The Long Corridor
Page 14
‘I did. I did, and God forgive her because I never will, even if himself does.’
‘Did you see anything of Lorna at that time?’
‘The child? No. An’ would I have let her stay there an’ that goin’ on? You know me better than that, Miss Jenny. But why do you ask?’
Jenny put her hand to her brow. ‘Elsie says she went dashing out of the house just after that. I believe she must have heard. I feel sure of it.’
‘She couldn’t have; there was no other place for her to be downstairs unless…unless she was in the mornin’ room. But then she never goes into the mornin’ room; it’s as cold as charity in there, as you know, even on the best of days.’
‘But if she was in there, Maggie, she could have heard every word, because there’s only a wooden partition filling the archway that used to divide the room.’

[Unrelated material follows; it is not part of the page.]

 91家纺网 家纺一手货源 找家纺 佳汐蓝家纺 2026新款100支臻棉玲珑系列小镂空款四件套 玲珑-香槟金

‘Don’t say that.’ Maggie put her hand behind her and dragged at one of the stools from under the table and sitting down she mopped her face with her apron. ‘That child adores the ground he walks on. He’s all she’s got, an’ she’s always known it. She’s always known that her mother had no time or feelin’ for her.’
‘Maggie!’
‘It’s no use; you can’t stop me tongue from sayin’ the truth. She’s had no love for the child from the day she was born, an’ it’s all clear now why. She jumped into the marriage to save her face, and she hated the cause of it and the cause of it was the child. An’ she also hated the face-saver himself. Aw, how she’s hated him. There’s lots of things clear now, though it isn’t to say I hadn’t me doubts from the beginning. But I smothered them because I couldn’t bear the thought of himself being taken for a ride by the likes of her. An’ now this…I’m tellin’ you, if that child knows he’s not her father she’ll be lost entirely.’
‘But after this she would have known sooner or later, Maggie. You’ve got to look at it that way. What I’m afraid of is the way she’s learned it.’
‘What are you going to do?’
‘I don’t know.’
‘Should you tell himself?’
‘Not for a while. Let him get his surgery finished; she might be back by then. She might walk it off, although something makes me doubt it.’
‘And me too. Anyway, I’ll not budge till I see her home…Did you have a drop of tea?’
‘No, Maggie.’
‘I’ll make you a cup then and bring it in to you.’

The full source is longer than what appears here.